**TASK DESCRIPTION**
Please repeat nothing except the lines from the one containing "29 Granby Place, Ronkonkoma, NY" through the end of the records, exactly and without pictures.
** Opening ENTRIES SHOWN block **
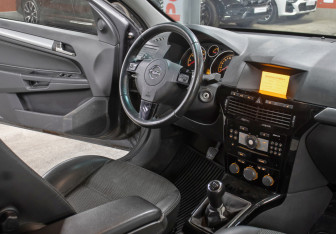 Подержанный автомобиль Opel Astra Sedan 2012 года (11 фото)
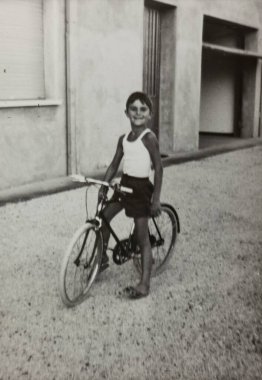 Roma, İtalya 1964: Siyah-beyaz, genç bir çocuğun gururla bisikletiyle durduğu, 20. yüzyılın ortalarından bir çocukluk sevincini yakaladığı klasik fotoğraf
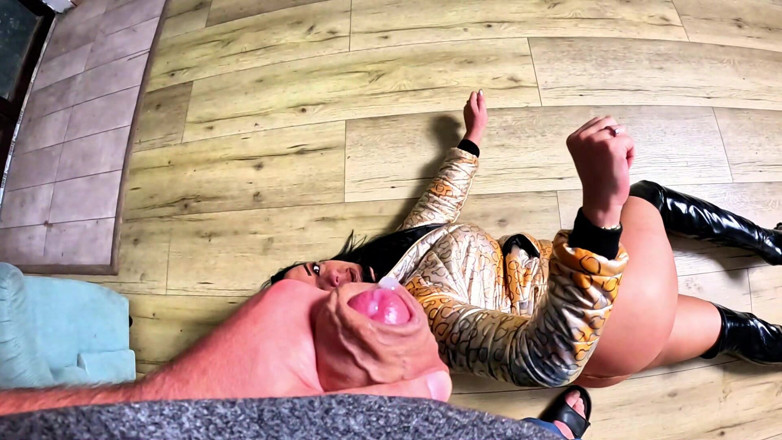 MilfyCalla: Golden Glossy Downjacket POV. Deepthroat, šukání do obličeje a dvojité stříkání...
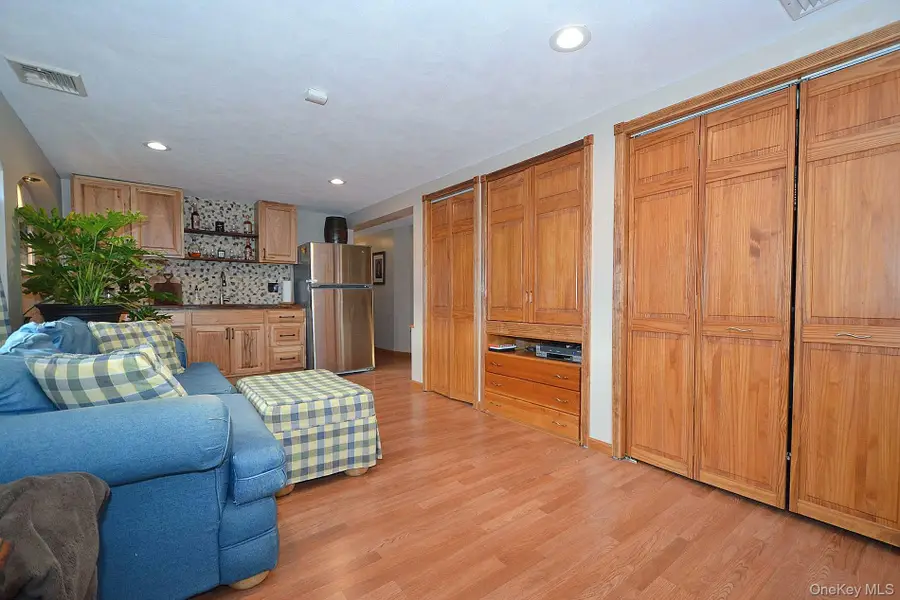 29 Granby Place, Ronkonkoma, NY 11779 - Image #3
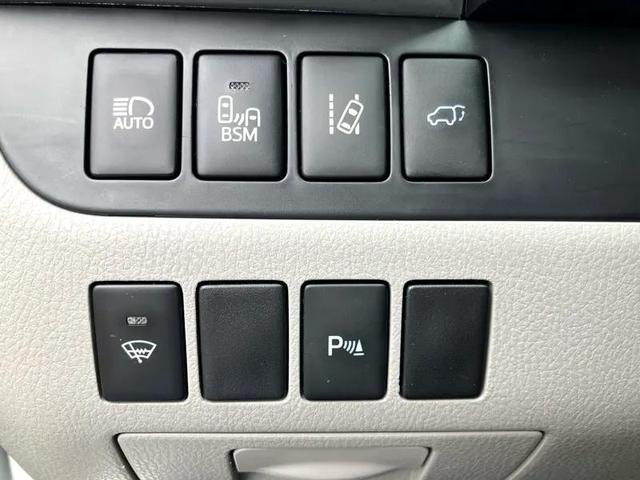 Photo of 2016 Blizzard Pearl Toyota Highlander Hybrid
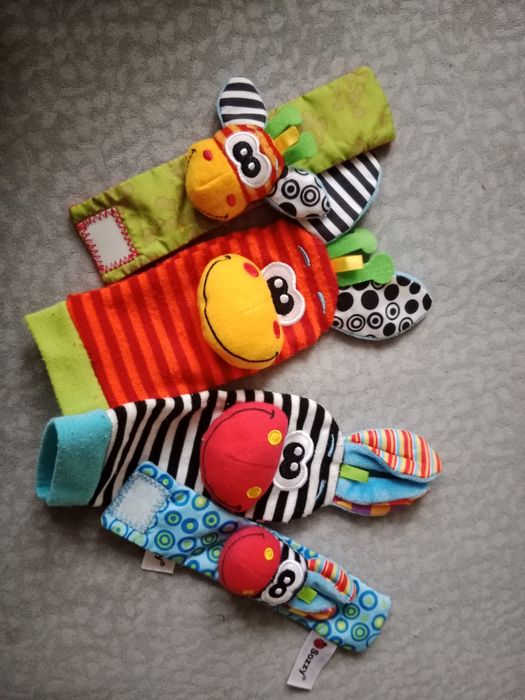Grzechotki na rączki i nóżki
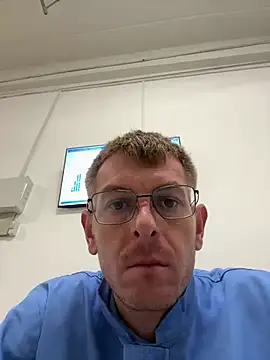 adrian90bi11 Chatroom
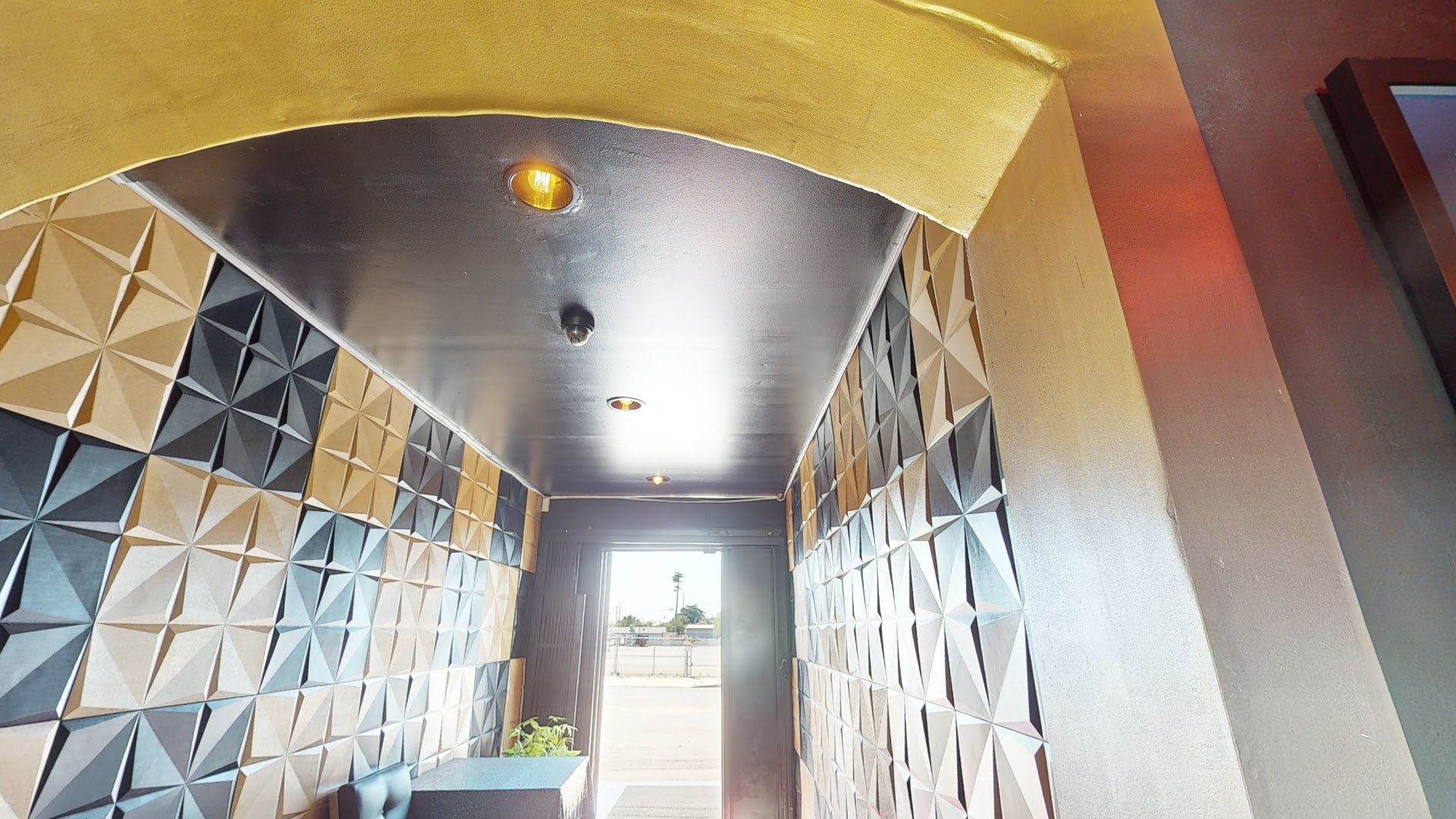 La Vida Gentlemen's Club - Nightclub in Los Angeles, United States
** Closing ENTRIES SHOWN block **
**RESPONSE TO THE EXERCISE**
 29 Granby Place, Ronkonkoma, NY 11779 - Image #3
 Photo of 2016 Blizzard Pearl Toyota Highlander Hybrid
Grzechotki na rączki i nóżki
 adrian90bi11 Chatroom
 La Vida Gentlemen's Club - Nightclub in Los Angeles, United States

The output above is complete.